Metal programming in Julia
With Metal.jl it's possible to program GPUs on macOS using the Metal programming framework.
The package is very much a work-in-progress. There are many bugs, lots of functionality is missing; Expect to have to make changes to the code if you want to use it. PRs are very welcome!
- Mac device with M-series chip
- Julia 1.8 (this package currently requires LLVM 13)
- macOS Catalina 10.15 or newer (might also work on 10.14)
- Xcode Command Line Tools (for now, we will get rid of this requirement)
As Metal.jl currently depends on bleeding-edge versions of certain dependencies,
it is recommended to use the Manifest that is part of the repository. Start by
cloning Metal.jl, open a terminal in that directory, and starting Julia with
the --project
parameter (or activate the environment via the Pkg REPL):
$ git clone https://github.com/JuliaGPU/Metal.jl && cd Metal.jl
$ julia --project -e 'using Pkg; Pkg.build(); Pkg.instantiate()'
$ julia --project
julia> using Metal
julia> Metal.versioninfo()
macOS 12.2.0, Darwin 21.3.0
Toolchain:
- Julia: 1.8.0-beta3
- LLVM: 13.0.1
1 device:
- Apple M1 Pro (64.000 KiB allocated)
The easiest way to work with Metal.jl, is by using its array abstraction.
The MtlArray
type is both meant to be a convenient container for device
memory, as well as provide a data-parallel abstraction for using the GPU
without writing your own kernels:
julia> a = MtlArray([1])
1-element MtlArray{Int64, 1}:
1
julia> a .+ 1
1-element MtlArray{Int64, 1}:
2
The above array abstractions are all implemented using Metal kernels written in Julia.

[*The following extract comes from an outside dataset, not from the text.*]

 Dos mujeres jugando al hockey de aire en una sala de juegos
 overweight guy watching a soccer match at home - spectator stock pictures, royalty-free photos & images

These kernels follow a similar programming style to Julia's other GPU back-ends, and with that deviate from how kernels are implemented in Metal C (i.e., indexing intrinsics are functions not arguments, arbitrary aggregate arguments are supported, etc):
julia> function vadd(a, b, c)
i = thread_position_in_grid_1d()
c[i] = a[i] + b[i]
return
end
vadd (generic function with 1 method)
julia> a = MtlArray([1]); b = MtlArray([2]); c = similar(a);
julia> @metal threads=length(c) vadd(a, b, c)
julia> Array(c)
1-element Vector{Int64}:
3
Finally, all of the above functionality is made possible by interfacing with the Metal libraries through a small C library that wraps the ObjectiveC APIs. This library is built during the build phase of Metal.jl.
These low-level wrappers, along with some slightly higher-level Julia wrappers,
are available in the MTL
submodule exported by Metal.jl. All wrapped C
functions and types start with the mt
prefix, whereas the Julia wrappers are
prefixed with Mtl
:
julia> dev = MtlDevice(1)
MtlDevice:
name: Apple M1 Pro
lowpower: false
headless: false
removable: false
unified memory: true
registry id: 4294969448
transfer rate: 0
julia> dev.name
"Apple M1 Pro"
Julia wrappers to this small C library have been built with Clang.jl, and can be
regenerated by running julia --project=res/ res/wrap.jl
from the project
folder.
The C library started by forking rcp/cmt, to whom goes the original credit. This package builds upon the experience of several Julia contributors to CUDA.jl, AMDGPU.jl and oneAPI.jl.